> Exercise requirements
Restate word for word the section of the entries that opens at the line containing "U-BEIN BRIDGE/AMARAPURA, MYANMAR" and closes at the line containing "kitchen featuring a", both lines kept, pictures dropped.

> Data in this exercise
━━━━━━━━━━━━━━━━━━━━━━━━━━━━━━

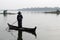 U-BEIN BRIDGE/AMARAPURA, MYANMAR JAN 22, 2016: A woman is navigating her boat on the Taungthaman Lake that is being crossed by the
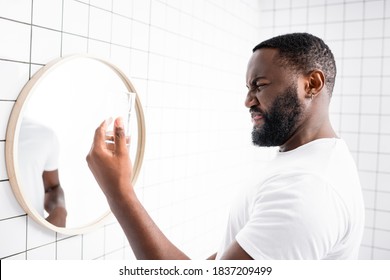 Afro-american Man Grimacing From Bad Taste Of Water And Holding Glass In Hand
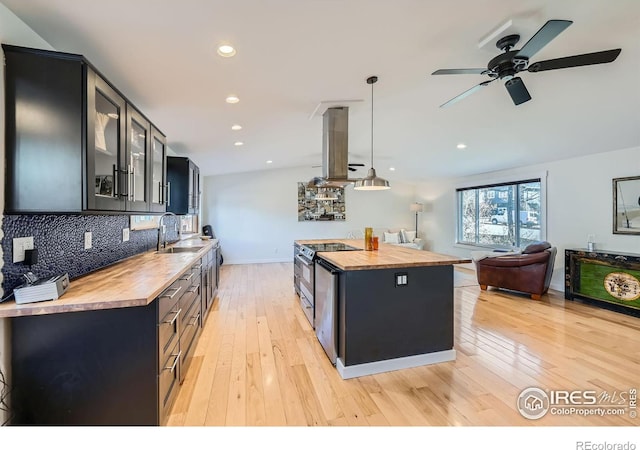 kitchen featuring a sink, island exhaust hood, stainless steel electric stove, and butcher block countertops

━━━━━━━━━━━━━━━━━━━━━━━━━━━━━━

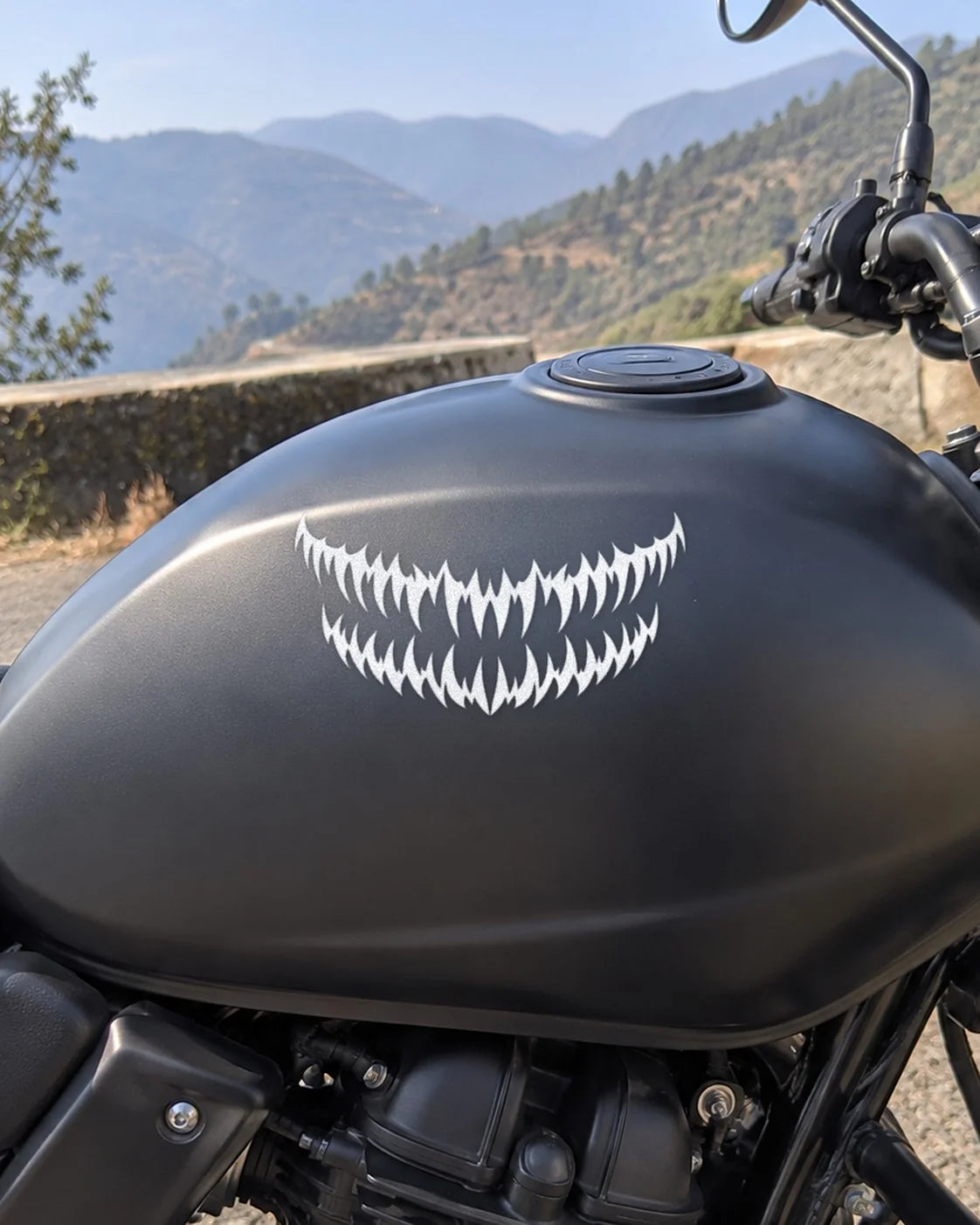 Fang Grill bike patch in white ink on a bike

━━━━━━━━━━━━━━━━━━━━━━━━━━━━━━

> Task output
 U-BEIN BRIDGE/AMARAPURA, MYANMAR JAN 22, 2016: A woman is navigating her boat on the Taungthaman Lake that is being crossed by the
 Afro-american Man Grimacing From Bad Taste Of Water And Holding Glass In Hand
 kitchen featuring a sink, island exhaust hood, stainless steel electric stove, and butcher block countertops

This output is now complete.